Um representante da oposição venezuelana que pediu para não ser identificado disse à agência Reuters que os dois lados podem se reencontrar em Barbados na segunda-feira (15).
A assessoria de imprensa do líder opositor Juan Guaidó, reconhecido por mais de 50 países como o governante legítimo da Venezuela, disse que a oposição emitiria um comunicado sobre as negociações.
O Ministério das Relações Exteriores da Noruega, que mediou conversas anteriores, não quis comentar o progresso das conversas. Nos últimos dias, circularam rumores de que a oposição estava pleiteando uma eleição presidencial dentro de nove meses, sem Maduro no poder durante a votação.
O vice-presidente do Partido Socialista, Diosdado Cabello, figura influente no governo Maduro, refutou na noite de quarta-feira a ideia de que uma eleição presidencial esteja sendo preparada. "Aqui não há eleições presidenciais, aqui o presidente se chama Nicolás Maduro", afirmou Cabello durante uma transmissão televisiva.
A Venezuela está sofrendo um colapso econômico com hiperinflação, que resultou em desnutrição e doenças e desencadeou um êxodo de mais de 4 milhões de venezuelanos.

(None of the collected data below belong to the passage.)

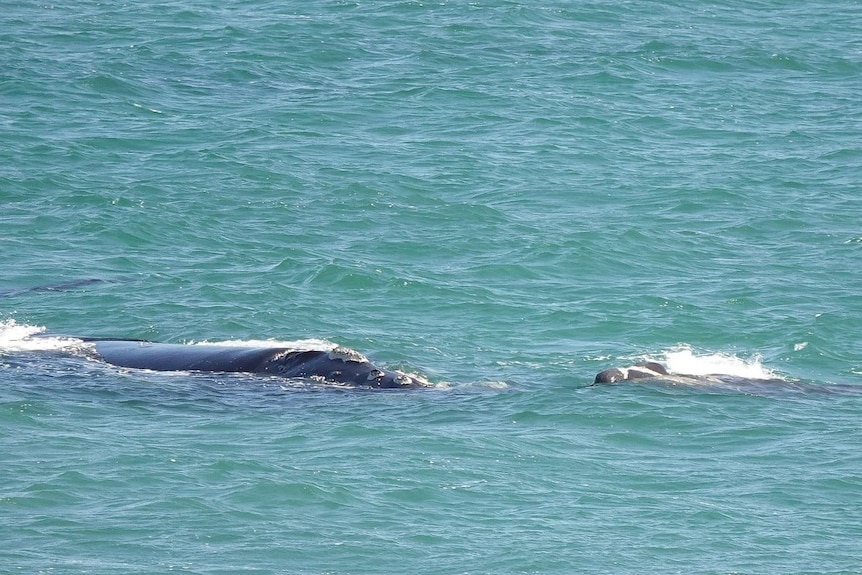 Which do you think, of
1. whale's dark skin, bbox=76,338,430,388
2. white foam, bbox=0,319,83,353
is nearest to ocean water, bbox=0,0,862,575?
white foam, bbox=0,319,83,353

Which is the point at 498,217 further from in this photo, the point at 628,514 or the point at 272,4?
the point at 272,4

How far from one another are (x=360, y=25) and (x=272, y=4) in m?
5.11

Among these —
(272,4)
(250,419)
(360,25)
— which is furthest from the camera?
(272,4)

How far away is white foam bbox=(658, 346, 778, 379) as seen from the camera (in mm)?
21766

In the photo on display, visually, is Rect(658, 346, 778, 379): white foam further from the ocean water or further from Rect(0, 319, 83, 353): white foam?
Rect(0, 319, 83, 353): white foam

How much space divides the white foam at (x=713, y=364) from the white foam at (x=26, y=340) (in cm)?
946

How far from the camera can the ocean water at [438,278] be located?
15.7 metres

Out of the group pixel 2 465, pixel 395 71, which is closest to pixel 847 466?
pixel 2 465

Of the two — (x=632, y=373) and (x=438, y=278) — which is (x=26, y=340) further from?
(x=632, y=373)

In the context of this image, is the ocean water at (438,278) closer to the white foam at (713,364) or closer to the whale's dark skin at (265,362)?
the white foam at (713,364)

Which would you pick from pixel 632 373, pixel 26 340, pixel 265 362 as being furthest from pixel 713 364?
pixel 26 340

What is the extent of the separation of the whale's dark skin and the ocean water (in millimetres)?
387

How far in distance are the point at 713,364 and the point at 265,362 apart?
7.03m

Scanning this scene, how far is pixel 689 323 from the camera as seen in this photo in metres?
24.4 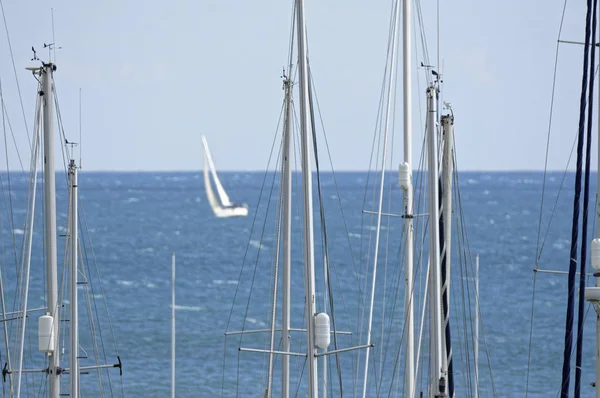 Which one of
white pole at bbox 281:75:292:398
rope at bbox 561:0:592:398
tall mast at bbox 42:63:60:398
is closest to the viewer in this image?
rope at bbox 561:0:592:398

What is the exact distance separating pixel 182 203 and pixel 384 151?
123 meters

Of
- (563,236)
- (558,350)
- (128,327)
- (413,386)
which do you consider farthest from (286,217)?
(563,236)

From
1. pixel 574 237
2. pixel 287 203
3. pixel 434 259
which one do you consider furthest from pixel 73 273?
pixel 574 237

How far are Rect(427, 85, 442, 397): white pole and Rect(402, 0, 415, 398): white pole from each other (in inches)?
53.6

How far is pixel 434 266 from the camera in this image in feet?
54.2

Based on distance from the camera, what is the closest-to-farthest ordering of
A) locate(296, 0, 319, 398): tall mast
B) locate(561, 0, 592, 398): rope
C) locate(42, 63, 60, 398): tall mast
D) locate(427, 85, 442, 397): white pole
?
locate(296, 0, 319, 398): tall mast → locate(427, 85, 442, 397): white pole → locate(561, 0, 592, 398): rope → locate(42, 63, 60, 398): tall mast

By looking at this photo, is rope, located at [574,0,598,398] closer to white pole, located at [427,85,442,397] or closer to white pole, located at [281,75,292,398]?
white pole, located at [427,85,442,397]

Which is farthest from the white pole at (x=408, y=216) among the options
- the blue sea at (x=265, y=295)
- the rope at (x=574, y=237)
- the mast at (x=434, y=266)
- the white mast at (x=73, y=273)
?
the white mast at (x=73, y=273)

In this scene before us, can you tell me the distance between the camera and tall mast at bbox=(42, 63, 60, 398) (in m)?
17.2

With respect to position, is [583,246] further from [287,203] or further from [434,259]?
[287,203]

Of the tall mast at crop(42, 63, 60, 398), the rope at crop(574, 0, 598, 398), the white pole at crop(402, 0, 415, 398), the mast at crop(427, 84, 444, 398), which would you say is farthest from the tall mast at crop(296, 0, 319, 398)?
the tall mast at crop(42, 63, 60, 398)

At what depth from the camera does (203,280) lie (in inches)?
3049

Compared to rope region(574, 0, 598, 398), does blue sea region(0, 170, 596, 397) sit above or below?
below

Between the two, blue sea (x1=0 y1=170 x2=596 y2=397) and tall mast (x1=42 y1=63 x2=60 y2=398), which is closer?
tall mast (x1=42 y1=63 x2=60 y2=398) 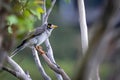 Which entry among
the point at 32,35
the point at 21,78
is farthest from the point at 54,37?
the point at 21,78

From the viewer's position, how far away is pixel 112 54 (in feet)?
4.60

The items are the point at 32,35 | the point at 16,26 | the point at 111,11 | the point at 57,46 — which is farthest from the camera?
the point at 57,46

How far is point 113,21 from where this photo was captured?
4.37ft

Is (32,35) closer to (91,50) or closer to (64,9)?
(91,50)

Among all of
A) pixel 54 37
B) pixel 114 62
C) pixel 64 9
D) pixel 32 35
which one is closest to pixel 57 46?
pixel 54 37

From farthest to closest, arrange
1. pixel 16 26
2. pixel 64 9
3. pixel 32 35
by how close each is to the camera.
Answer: pixel 64 9 < pixel 32 35 < pixel 16 26

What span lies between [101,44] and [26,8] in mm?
1187

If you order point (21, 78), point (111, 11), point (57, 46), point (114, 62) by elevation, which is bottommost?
point (57, 46)

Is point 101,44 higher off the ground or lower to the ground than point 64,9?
higher

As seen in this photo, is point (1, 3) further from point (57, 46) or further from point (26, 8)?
point (57, 46)

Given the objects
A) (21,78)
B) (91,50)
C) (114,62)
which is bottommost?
(21,78)

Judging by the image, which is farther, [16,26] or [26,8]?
[26,8]

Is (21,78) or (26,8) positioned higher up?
(26,8)

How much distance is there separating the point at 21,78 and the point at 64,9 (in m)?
18.5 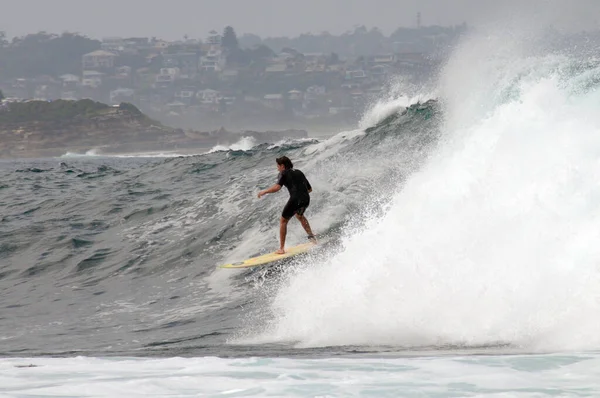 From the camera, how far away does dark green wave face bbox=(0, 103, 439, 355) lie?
448 inches

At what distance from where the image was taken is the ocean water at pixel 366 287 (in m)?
7.96

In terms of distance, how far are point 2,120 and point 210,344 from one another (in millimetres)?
116899

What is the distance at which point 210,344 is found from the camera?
10.1 meters

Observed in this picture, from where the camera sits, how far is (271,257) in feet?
45.4

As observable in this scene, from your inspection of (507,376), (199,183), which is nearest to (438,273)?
(507,376)

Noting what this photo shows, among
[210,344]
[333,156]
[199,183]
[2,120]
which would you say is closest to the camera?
[210,344]

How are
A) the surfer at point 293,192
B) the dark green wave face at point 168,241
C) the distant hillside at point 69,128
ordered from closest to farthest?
the dark green wave face at point 168,241 → the surfer at point 293,192 → the distant hillside at point 69,128

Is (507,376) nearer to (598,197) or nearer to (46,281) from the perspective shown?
(598,197)

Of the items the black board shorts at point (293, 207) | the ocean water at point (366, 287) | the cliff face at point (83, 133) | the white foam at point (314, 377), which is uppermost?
the cliff face at point (83, 133)

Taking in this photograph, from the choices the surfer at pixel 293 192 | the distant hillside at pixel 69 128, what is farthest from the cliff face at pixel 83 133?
the surfer at pixel 293 192

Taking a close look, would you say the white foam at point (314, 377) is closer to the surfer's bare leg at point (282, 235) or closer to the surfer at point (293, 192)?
the surfer's bare leg at point (282, 235)

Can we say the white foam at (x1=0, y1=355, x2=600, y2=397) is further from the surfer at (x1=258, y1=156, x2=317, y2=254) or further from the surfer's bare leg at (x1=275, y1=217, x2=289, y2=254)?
the surfer at (x1=258, y1=156, x2=317, y2=254)

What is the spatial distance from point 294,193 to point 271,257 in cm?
99

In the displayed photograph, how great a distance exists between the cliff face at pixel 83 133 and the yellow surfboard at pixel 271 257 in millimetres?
100438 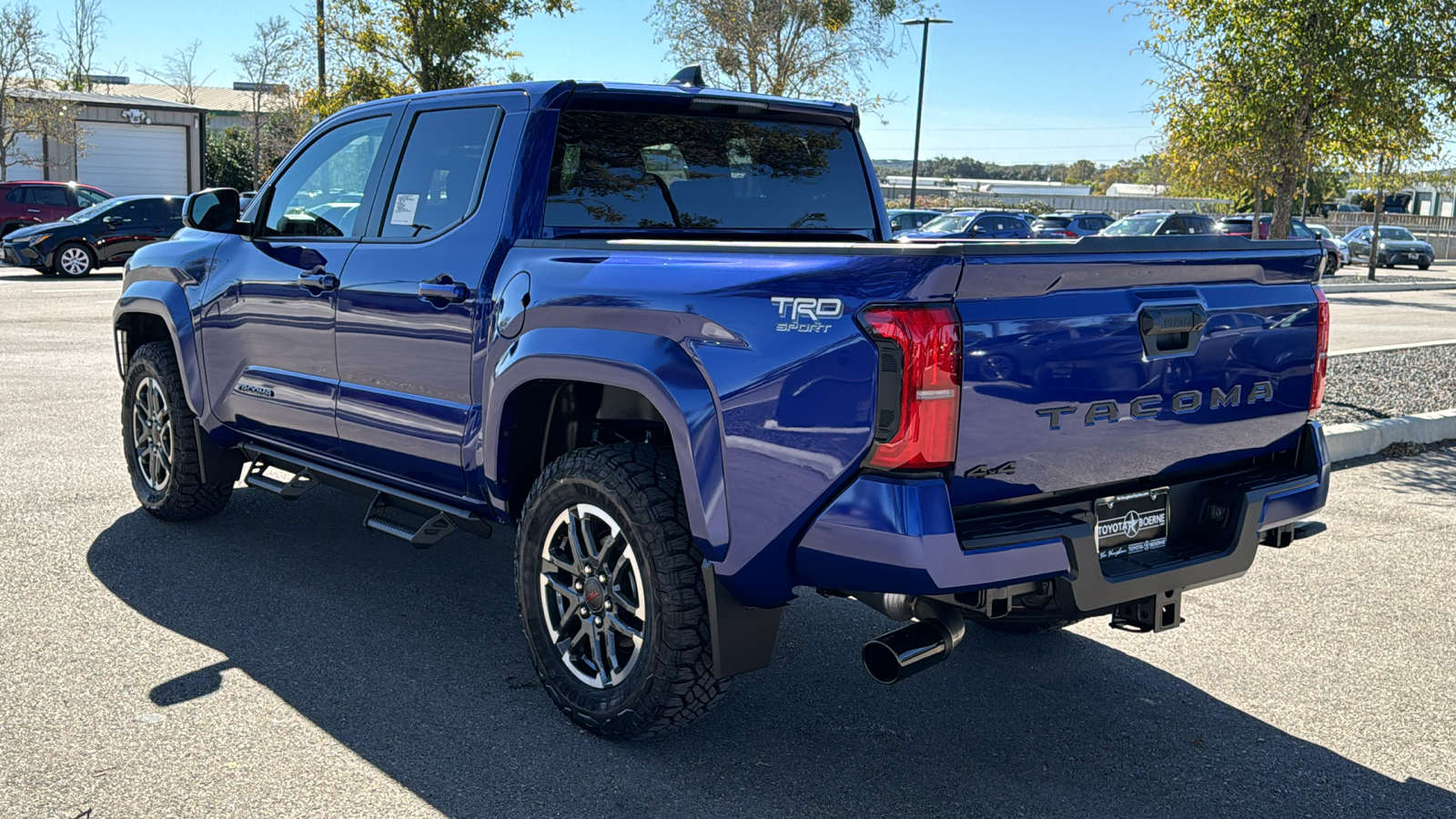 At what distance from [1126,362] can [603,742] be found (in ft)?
6.20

Em janeiro, Guaidó invocou a Constituição para declarar a reeleição de Maduro como uma fraude e se declarar presidente interino. Ele obteve forte apoio internacional, mas, em quase seis meses, não conseguiu assumir o comando da Venezuela. As Forças Armadas e outros setores do governo seguem leais a Maduro.
Nesta quinta-feira (11), os Estados Unidos anunciaram a aplicação de sanções à Direção Geral de Contra-Inteligência Militar (DGCIM) da Venezuela após a morte do militar Rafael Acosta, preso naquele centro sob acusação de conspirar contra Maduro. Há suspeitas de que Acosta morreu após ser torturado. "A prisão por razões políticas e a morte trágica do capitão Rafael Acosta foram injustificadas e inaceitáveis", disse o secretário do Tesouro, Steven Mnuchin, anunciando a medida.
As sanções implicam o bloqueio de todos os ativos e inativos que a DGCIM tem direta ou indiretamente sob a jurisdição dos Estados Unidos, bem como a proibição de qualquer transação legal envolvendo indivíduos e entidades americanas.